__TASK TO COMPLETE__.
The whole listing, exactly as given: write it out, leaving out each image.

____ RECORDED DATA

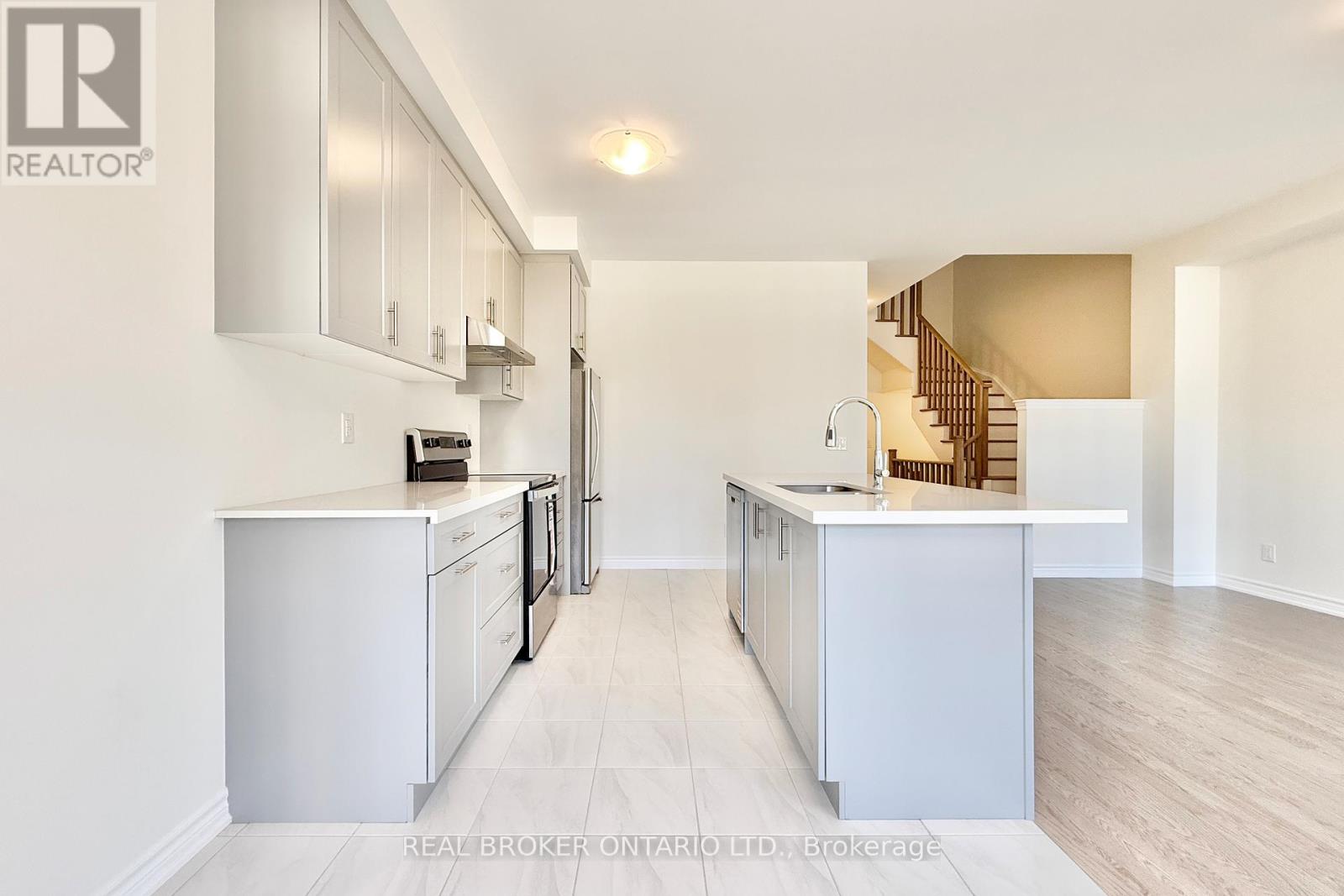 17 Freeman Williams Street, Markham, Ontario  L6C 3M7 - Photo 9 - N12441523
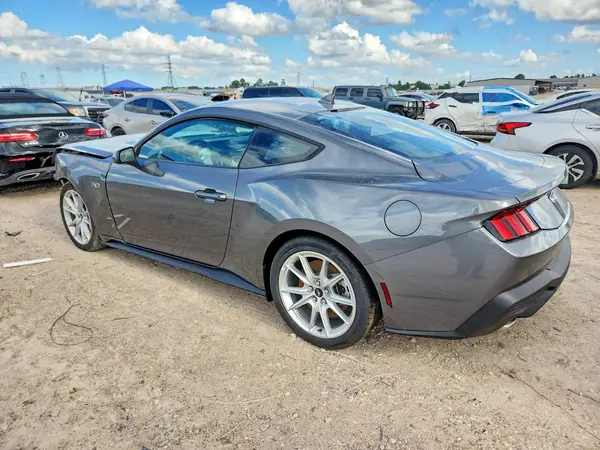 1FA6P8CF3T5406680 2026 FORD MUSTANG - Image 2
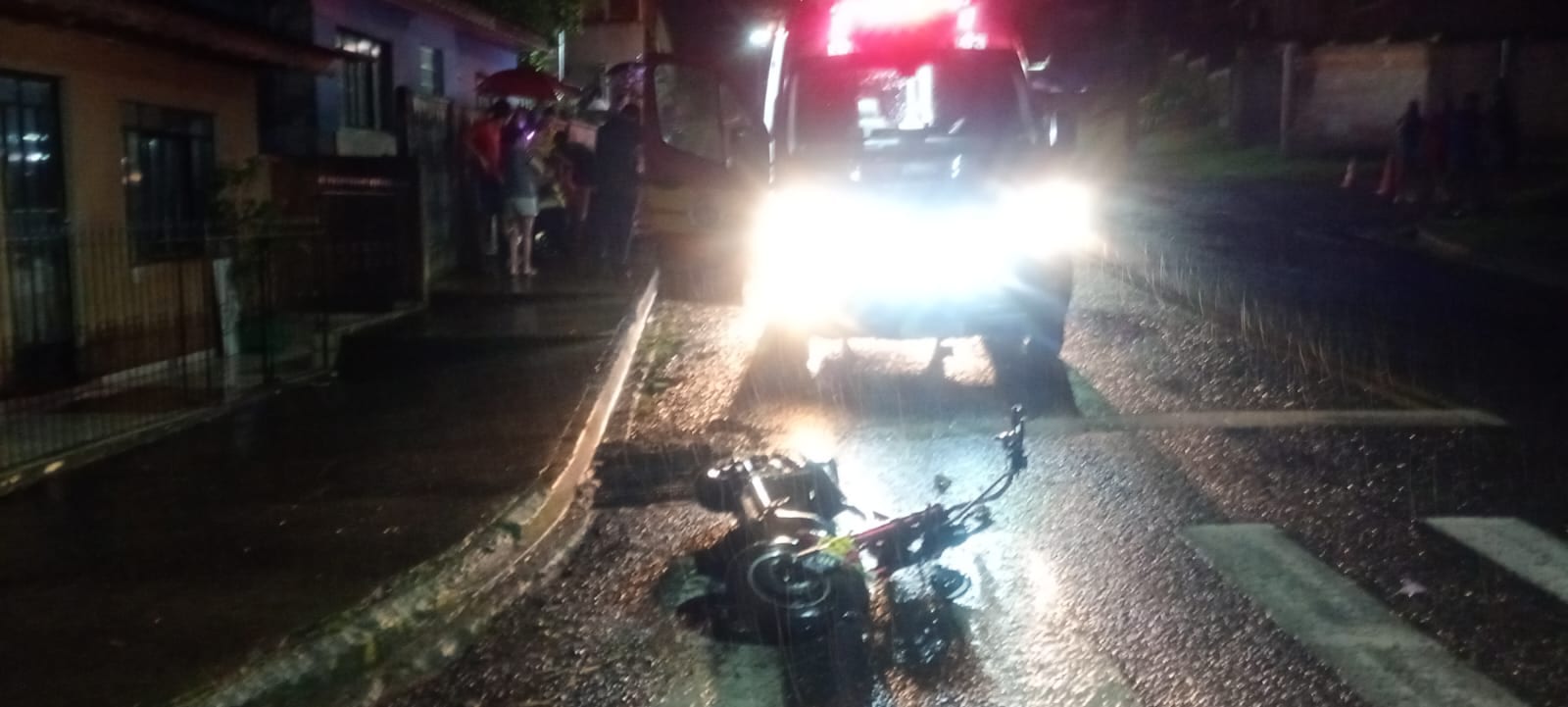 Jovem fica ferido após acidente entre carro e moto elétrica no bairro São Pedro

________

__RESPONSE TO THIS TASK__.
 17 Freeman Williams Street, Markham, Ontario  L6C 3M7 - Photo 9 - N12441523
 1FA6P8CF3T5406680 2026 FORD MUSTANG - Image 2
 Jovem fica ferido após acidente entre carro e moto elétrica no bairro São Pedro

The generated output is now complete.